Task:
What you copy should be the lines from the one with "Citroën C3 (2019)" through the end of the entries, word for word. Omit the pictures.
= Beginning of Section =
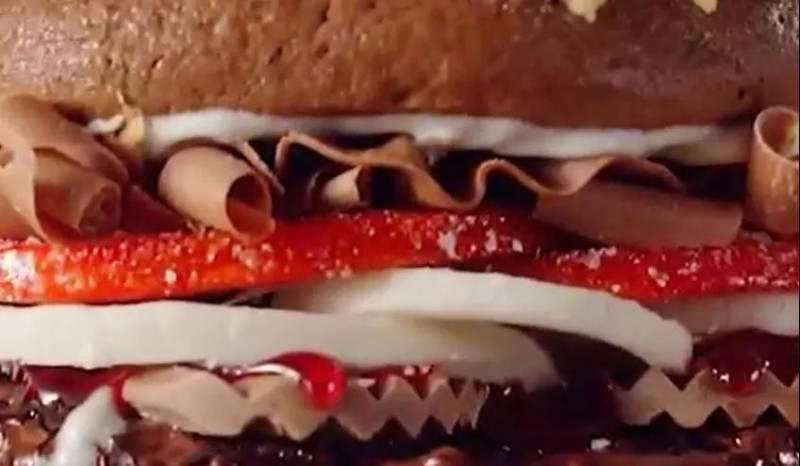 说明: C:\Users\Jason\AppData\Local\Temp\WeChat Files\68cd55a83854334273df35f7ca4ea6ec.jpg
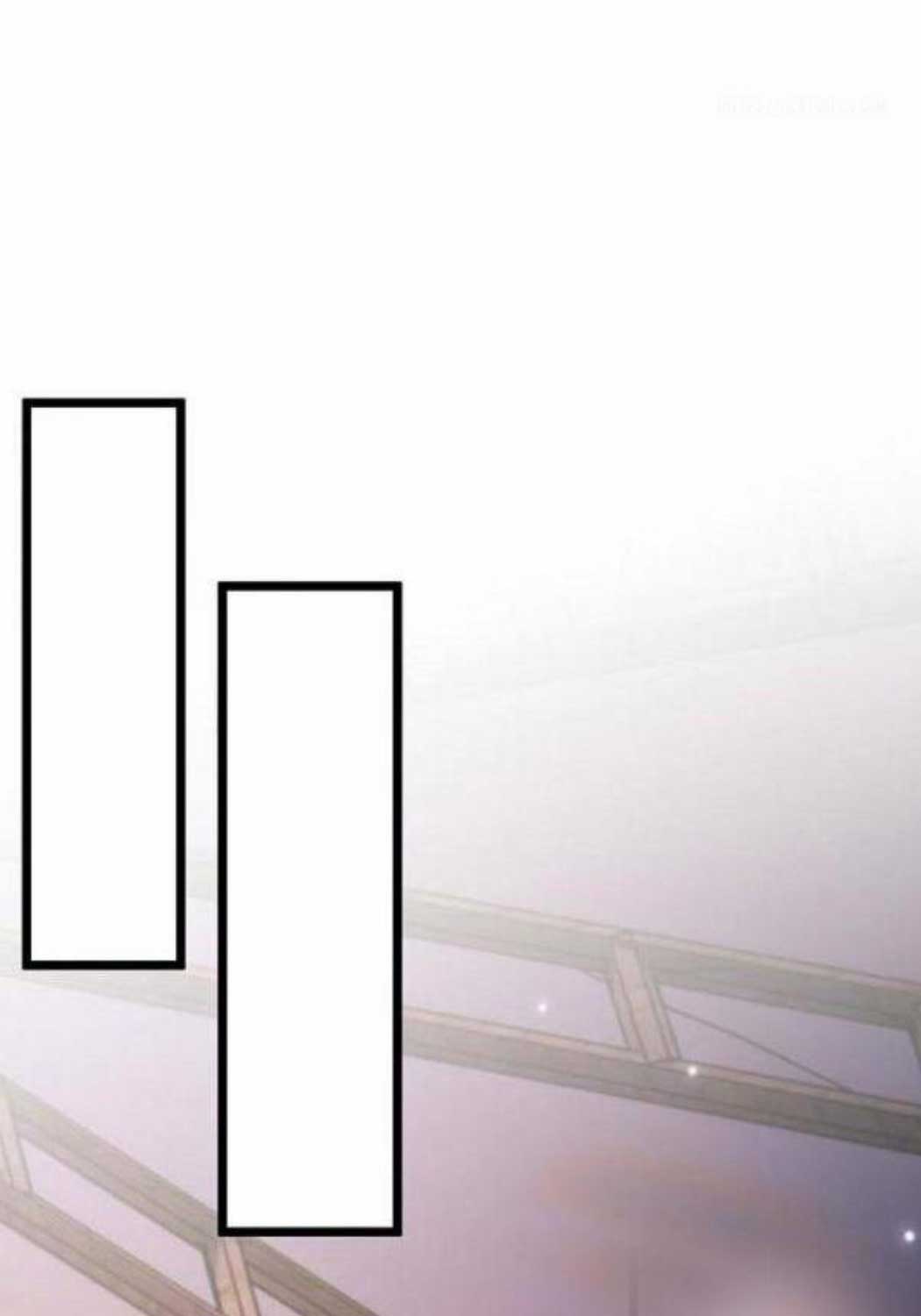 Thực Long Ma Pháp Sư Chapter 71 - Trang 2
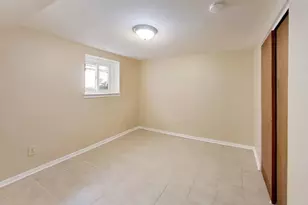 6545 N Natoma St, Chicago, IL 60631 - Photo 6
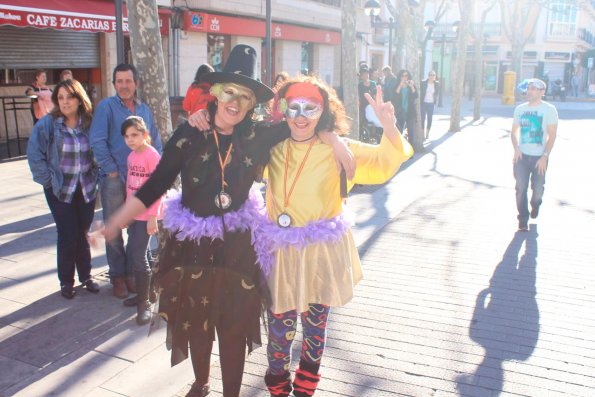 Carrera de Mascaras-carnaval-2014-03-08-fuente Area de Deportes-085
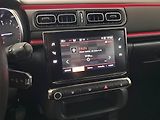 Citroën C3 (2019) 1.2 PureTech, Serv.kniha - náhled 12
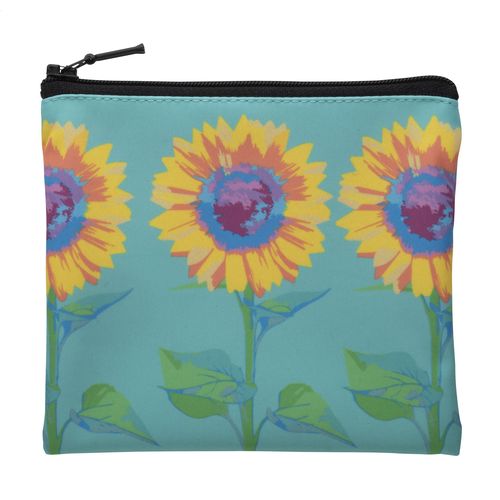 Custom Cosmetic Bag CreaBeauty S
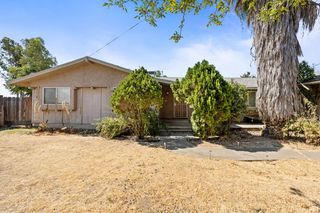 27592 Avenue 16, Madera, CA 93638
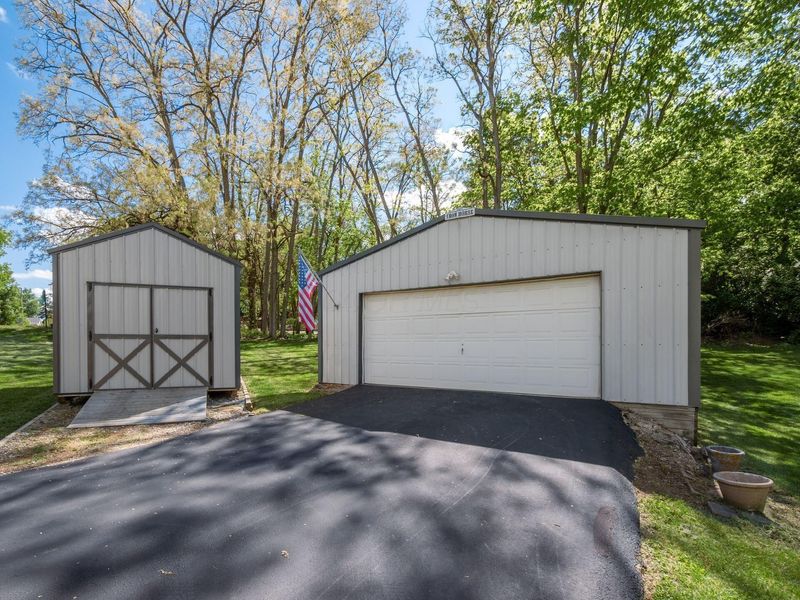 2731 Sandusky Street, Grove City, OH 43123 Photo 35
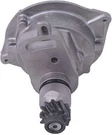 Distributor Cardone 31-40600 Reman Fits 96-97 Hyundai Sonata 3.0L-V6. Fixed Price $201.99.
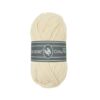 Durable Cosy extra Fine cream, nr 2172
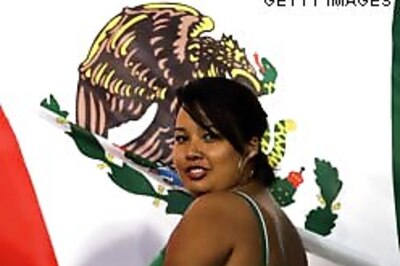 Female fans give sex-crazy footballers the kicks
= End of Section =
Result:
 Citroën C3 (2019) 1.2 PureTech, Serv.kniha - náhled 12
 Custom Cosmetic Bag CreaBeauty S
 27592 Avenue 16, Madera, CA 93638
 2731 Sandusky Street, Grove City, OH 43123 Photo 35
 Distributor Cardone 31-40600 Reman Fits 96-97 Hyundai Sonata 3.0L-V6. Fixed Price $201.99.
 Durable Cosy extra Fine cream, nr 2172
 Female fans give sex-crazy footballers the kicks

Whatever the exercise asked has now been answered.